● **Task objective**
Transcribe all of the records, leaving out any pictures.

━━━━━ Exercise data

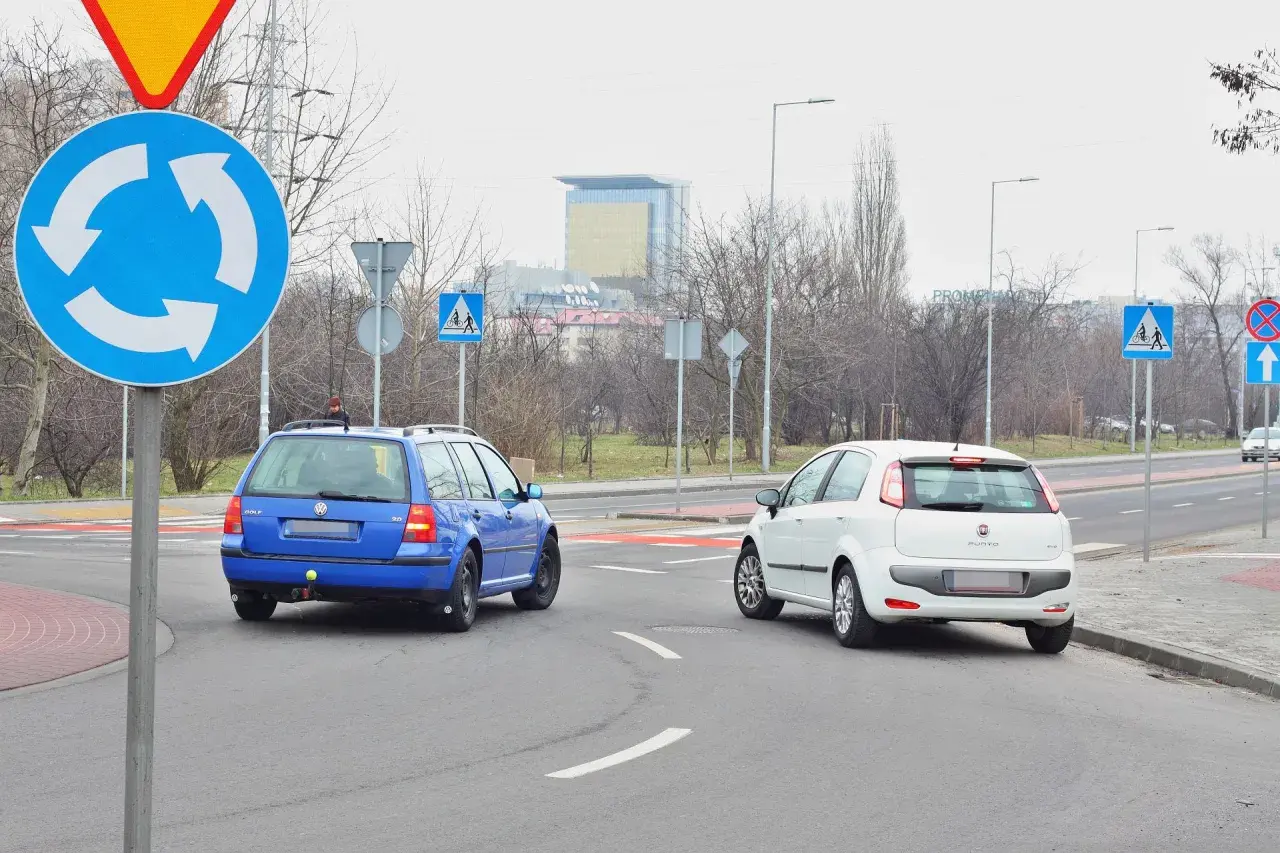 Niebieski Volkswagen i biały Fiat na rondzie. Kierowcy zastanawiają się, który zjazd z ronda na który pas wybrać, by bezpiecznie kontynuować jazdę.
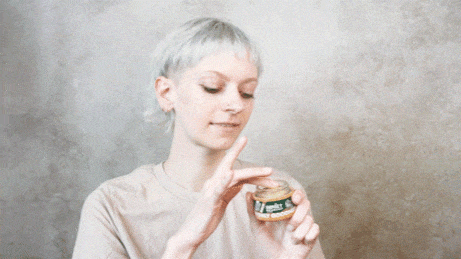 Woman opens a small jar of yellow moisturizer, preparing to apply it.
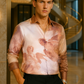 Model wearing Stylera luxury art print men's shirt with classical angel painting design in upscale hotel lobby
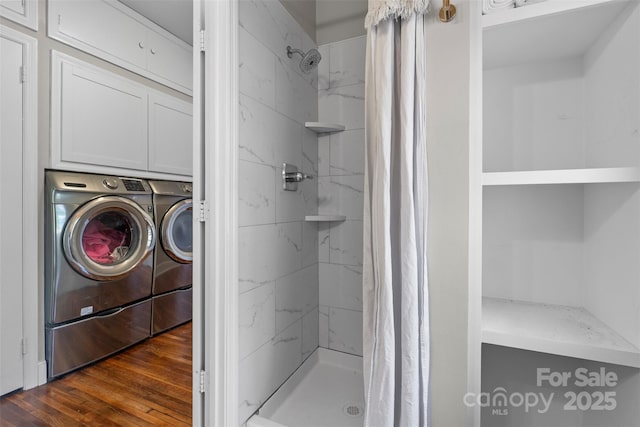 full bath featuring a shower stall, wood finished floors, and washing machine and dryer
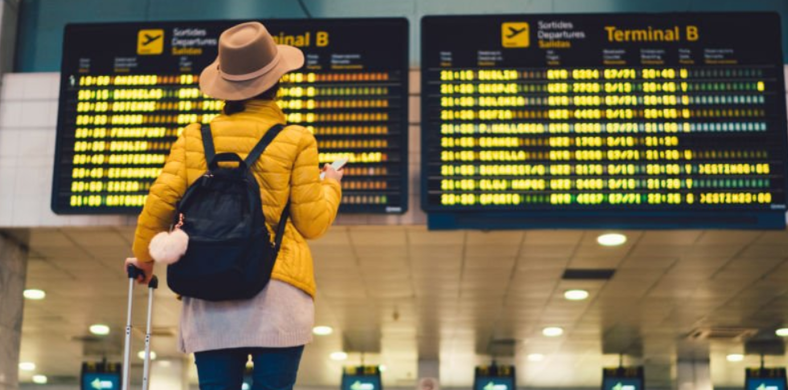 A traveler wearing a black backpack, yellow puffy coat and tan hat stands in front of a departure time board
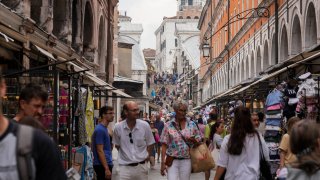 Tourists walk in a crowded street in Venice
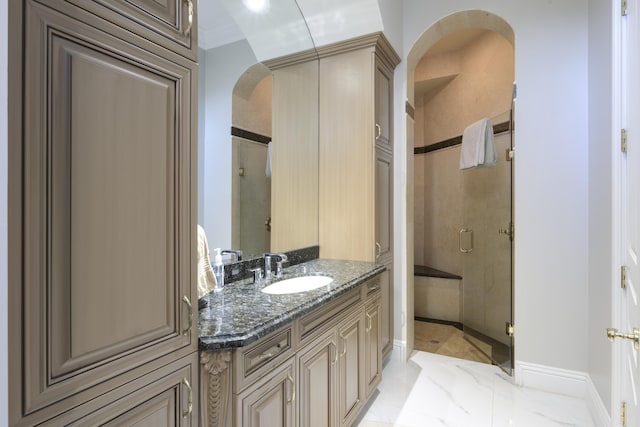 bathroom featuring vanity and walk in shower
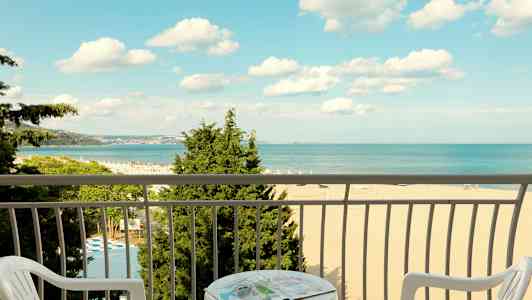 Utsikt från en balkong mot en strand och havet, med stolar och ett bord i förgrunden. (AI-genererad text)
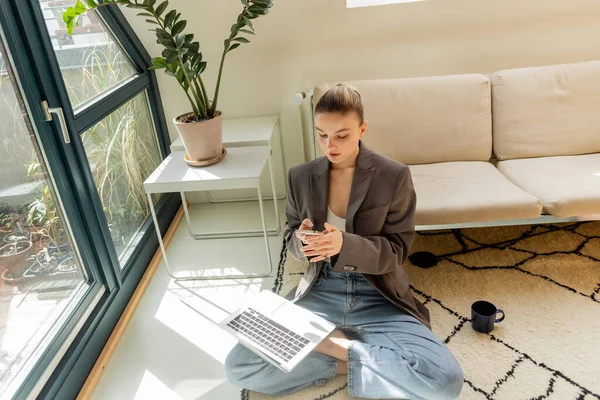 Junge Frau in Jacke und Jeans mit Smartphone und Laptop in der Nähe Tasse auf Teppich zu Hause — Stockfoto
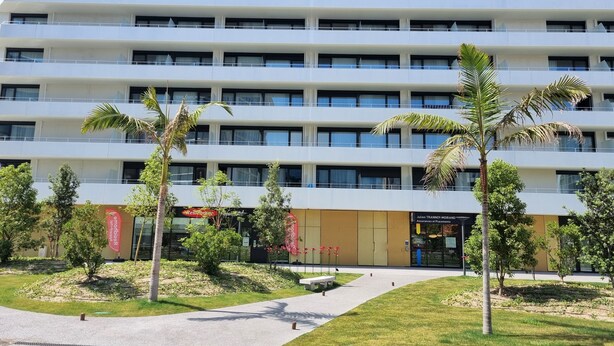 A multi-story hotel with a modern design, featuring balconies on each floor, a landscaped courtyard with palm trees, and signage for a restaurant and a business center. - Residhome Nice Aéroport (Nice)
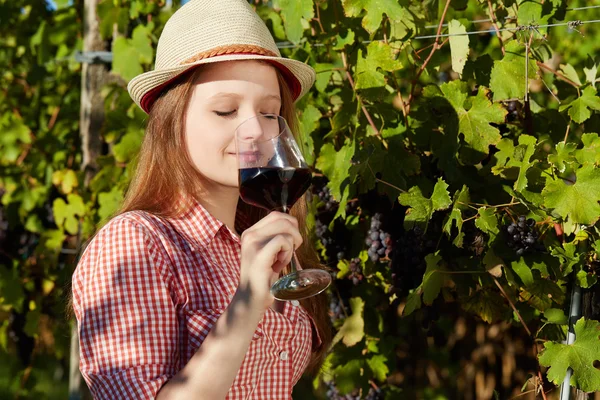 Młoda kobieta szczęśliwa trzymając kieliszek wina w polach winogron — Zdjęcie stockowe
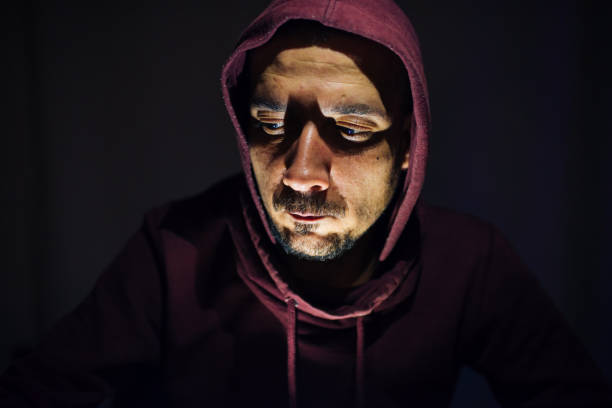 istock Computer Hacker in Hoodie in Darkness 1137957857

━━━━━━━━━━

● **Output**
 Niebieski Volkswagen i biały Fiat na rondzie. Kierowcy zastanawiają się, który zjazd z ronda na który pas wybrać, by bezpiecznie kontynuować jazdę.
 Woman opens a small jar of yellow moisturizer, preparing to apply it.
 Model wearing Stylera luxury art print men's shirt with classical angel painting design in upscale hotel lobby
 full bath featuring a shower stall, wood finished floors, and washing machine and dryer
 A traveler wearing a black backpack, yellow puffy coat and tan hat stands in front of a departure time board
 Tourists walk in a crowded street in Venice
 bathroom featuring vanity and walk in shower
 Utsikt från en balkong mot en strand och havet, med stolar och ett bord i förgrunden. (AI-genererad text)
 Junge Frau in Jacke und Jeans mit Smartphone und Laptop in der Nähe Tasse auf Teppich zu Hause — Stockfoto
 A multi-story hotel with a modern design, featuring balconies on each floor, a landscaped courtyard with palm trees, and signage for a restaurant and a business center. - Residhome Nice Aéroport (Nice)
 Młoda kobieta szczęśliwa trzymając kieliszek wina w polach winogron — Zdjęcie stockowe
 istock Computer Hacker in Hoodie in Darkness 1137957857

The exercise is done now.